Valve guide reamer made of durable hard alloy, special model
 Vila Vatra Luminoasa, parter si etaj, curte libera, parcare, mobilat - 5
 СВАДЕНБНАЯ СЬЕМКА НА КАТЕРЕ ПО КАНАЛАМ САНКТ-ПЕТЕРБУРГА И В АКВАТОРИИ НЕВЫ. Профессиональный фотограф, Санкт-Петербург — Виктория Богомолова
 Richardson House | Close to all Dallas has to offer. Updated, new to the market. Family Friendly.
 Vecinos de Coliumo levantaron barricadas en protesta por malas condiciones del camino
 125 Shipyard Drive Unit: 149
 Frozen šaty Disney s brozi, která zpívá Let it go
--- --- ---
◆ **Task objective**: Copy the data above exactly. Every line must be included.

◆ **Solution below**:
Valve guide reamer made of durable hard alloy, special model
 Vila Vatra Luminoasa, parter si etaj, curte libera, parcare, mobilat - 5
 СВАДЕНБНАЯ СЬЕМКА НА КАТЕРЕ ПО КАНАЛАМ САНКТ-ПЕТЕРБУРГА И В АКВАТОРИИ НЕВЫ. Профессиональный фотограф, Санкт-Петербург — Виктория Богомолова
 Richardson House | Close to all Dallas has to offer. Updated, new to the market. Family Friendly.
 Vecinos de Coliumo levantaron barricadas en protesta por malas condiciones del camino
 125 Shipyard Drive Unit: 149
 Frozen šaty Disney s brozi, která zpívá Let it go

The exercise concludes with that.